Dataset entries:
Segment Open
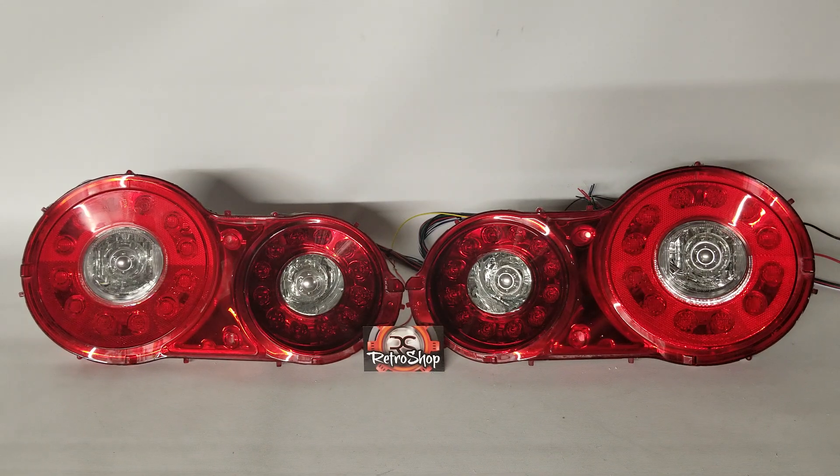Hey, it's Jeremy from RetroShop here. On the bench today we have a set of Nissan GTR taillights that we have highly modified. These feature the ghost modules which animate them to pretty much anything that you'd want to see.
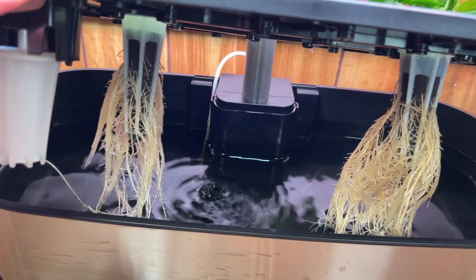The roots look nice and healthy. You can see the pump working.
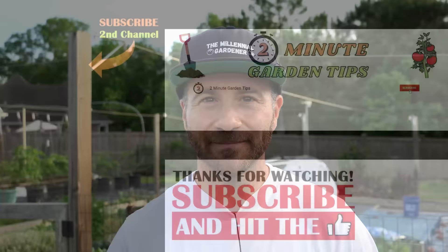And that's today's 2-Minute Garden Tip. If you're new to the channel, please consider subscribing and hitting the bell to receive new video notifications, and check out our Amazon storefront and merch shop in the video description for gardening products and custom designed apparel. Your support is greatly appreciated.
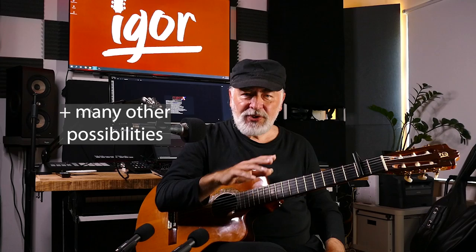Dear friends, fellow guitar lovers and musicians. Today I'm in the studio of my son Slava and we will be looking at something very special. A unique application which enables you to unmix stems from any sound recording. This makes it possible to use these stems to learn, analyze and practice. Beside this there are many more possibilities. So stay tuned to see all the things you can do with this amazing piece of software called RipX Deep Remix.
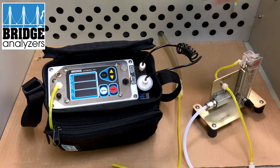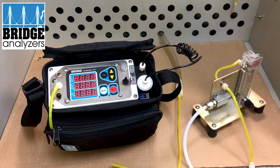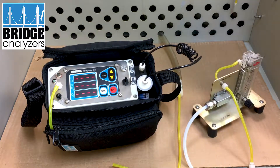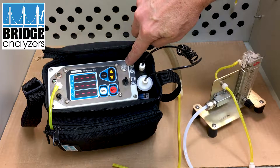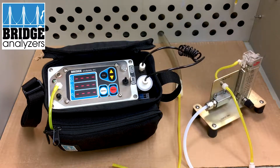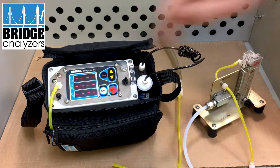When you go to calibrate, you want to turn the analyzer on. You'll see all eights and then dashes, and then when you press the zero button, you hold it until it blinks between dashes and blank. It'll run a zero process where it's drawing gas through the zero port — not the needle port — and exhausting out through the exhaust here.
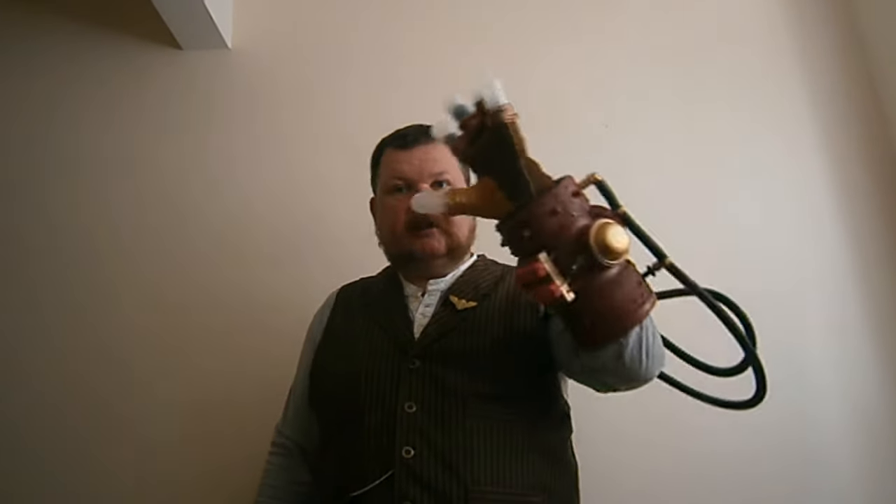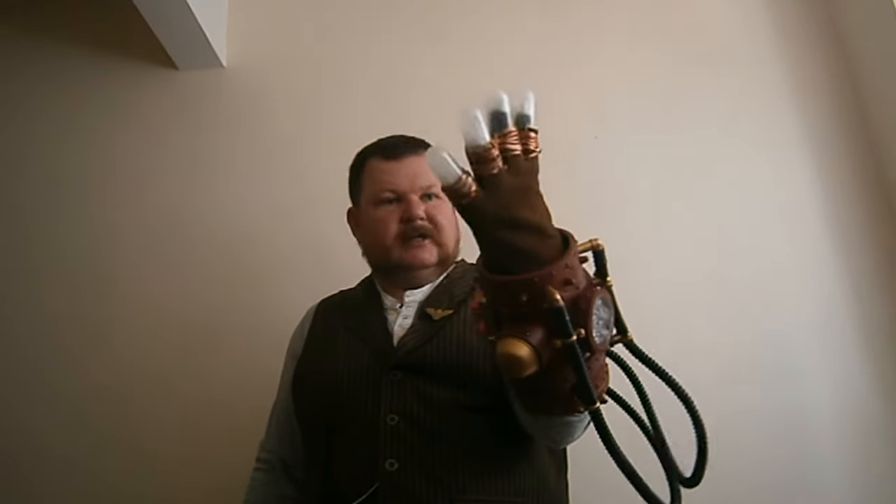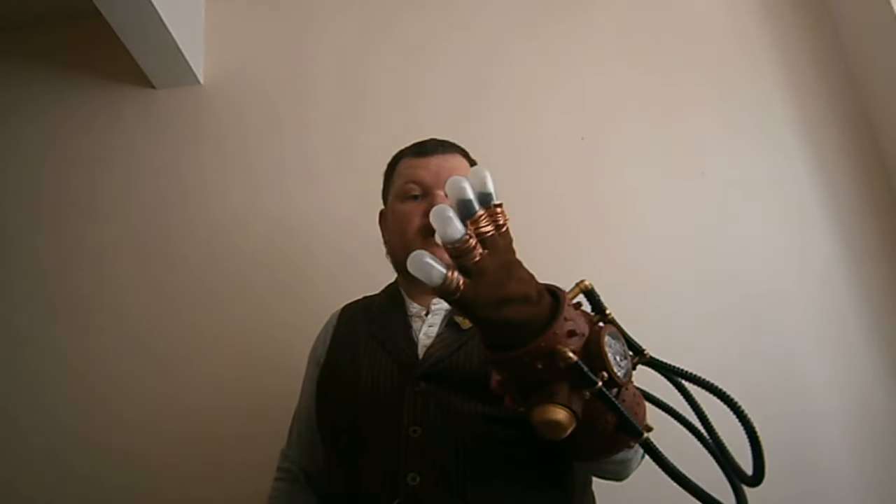Hello there. I'd just like to show you what I've been busy with this week. I've been busy making this — it's a glove inspired by the Hellboy films. It's the Rasputin glove. And this is for Scott. This is for you, mate.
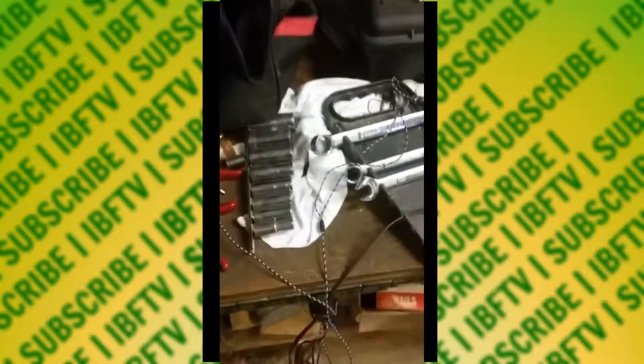Hey guys, this is intern Mike. What we're gonna be doing today — this is a 'Let's Craft,' the first of the series. I'm not gonna lie, this is gonna be the only one in the series. It's gonna be a two-parter. We're in the IBF TV workshop here, which is pretty new and cool.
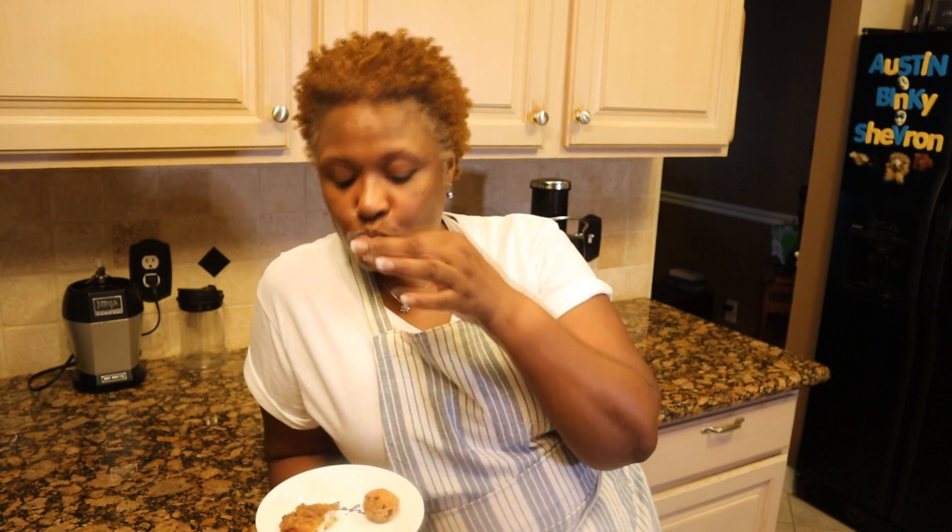Thank you again for joining me in this Booze and Food Kitchen. Good morning!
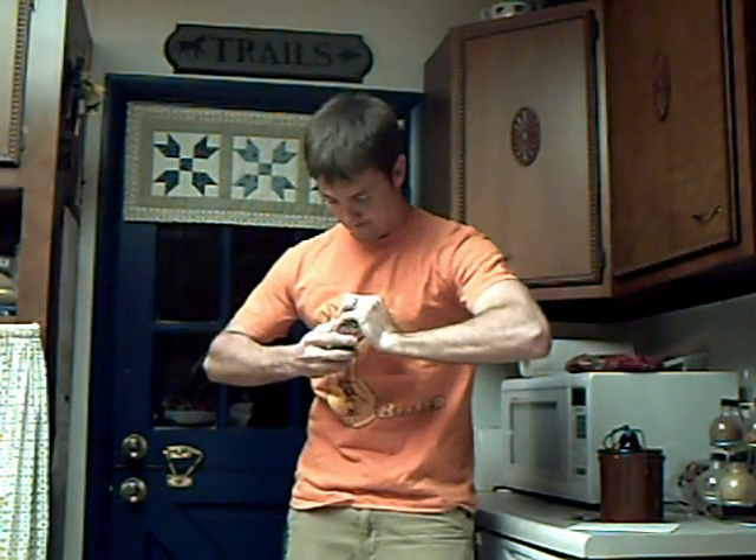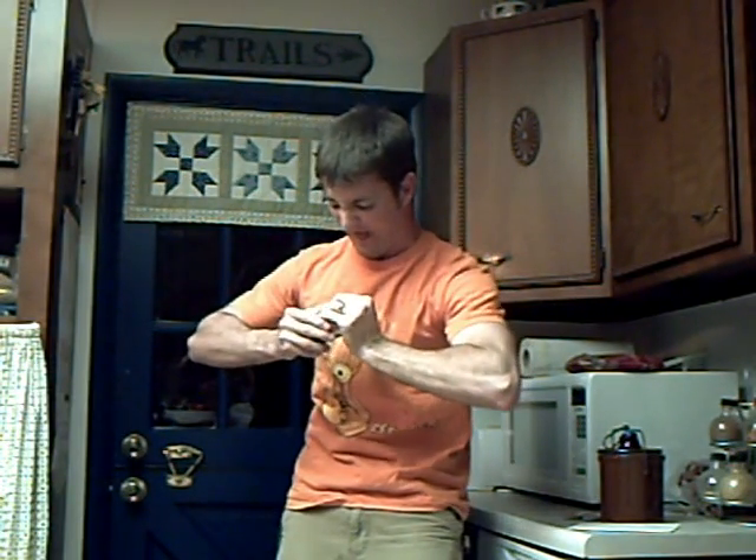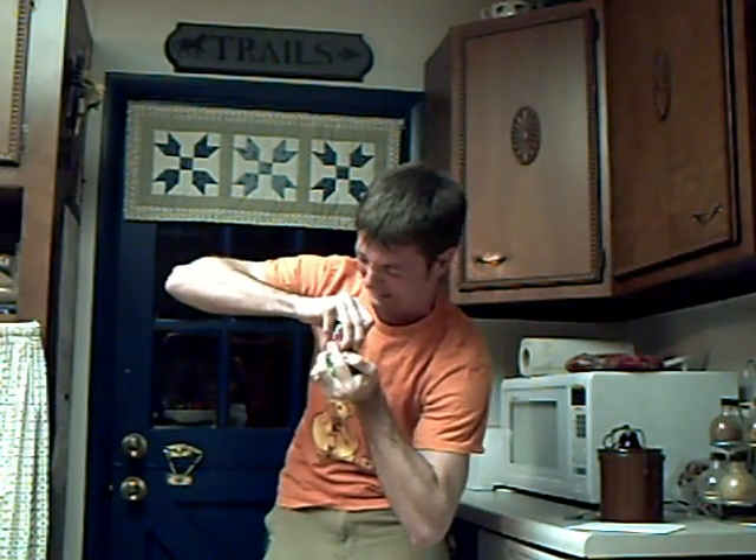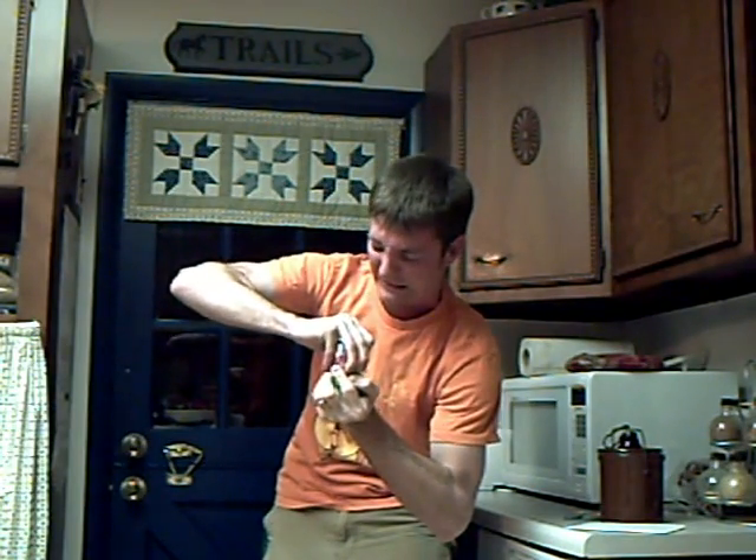How many times has this happened to you? You finish your can of pop, then when you try and crush the can you just can't do it. You try and squeeze and you make funny faces and try and sneak up on it, but even that doesn't work — it's just too hard. There's gotta be a better way.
Segment Closed
THE TASK: The records above must be printed exactly, but the pictures they hold should be omitted.

ANSWER FOR THE TASK:
Hey, it's Jeremy from RetroShop here. On the bench today we have a set of Nissan GTR taillights that we have highly modified. These feature the ghost modules which animate them to pretty much anything that you'd want to see.
The roots look nice and healthy. You can see the pump working.
And that's today's 2-Minute Garden Tip. If you're new to the channel, please consider subscribing and hitting the bell to receive new video notifications, and check out our Amazon storefront and merch shop in the video description for gardening products and custom designed apparel. Your support is greatly appreciated.
Dear friends, fellow guitar lovers and musicians. Today I'm in the studio of my son Slava and we will be looking at something very special. A unique application which enables you to unmix stems from any sound recording. This makes it possible to use these stems to learn, analyze and practice. Beside this there are many more possibilities. So stay tuned to see all the things you can do with this amazing piece of software called RipX Deep Remix.
When you go to calibrate, you want to turn the analyzer on. You'll see all eights and then dashes, and then when you press the zero button, you hold it until it blinks between dashes and blank. It'll run a zero process where it's drawing gas through the zero port — not the needle port — and exhausting out through the exhaust here.
Hello there. I'd just like to show you what I've been busy with this week. I've been busy making this — it's a glove inspired by the Hellboy films. It's the Rasputin glove. And this is for Scott. This is for you, mate.
Hey guys, this is intern Mike. What we're gonna be doing today — this is a 'Let's Craft,' the first of the series. I'm not gonna lie, this is gonna be the only one in the series. It's gonna be a two-parter. We're in the IBF TV workshop here, which is pretty new and cool.
Thank you again for joining me in this Booze and Food Kitchen. Good morning!
How many times has this happened to you? You finish your can of pop, then when you try and crush the can you just can't do it. You try and squeeze and you make funny faces and try and sneak up on it, but even that doesn't work — it's just too hard. There's gotta be a better way.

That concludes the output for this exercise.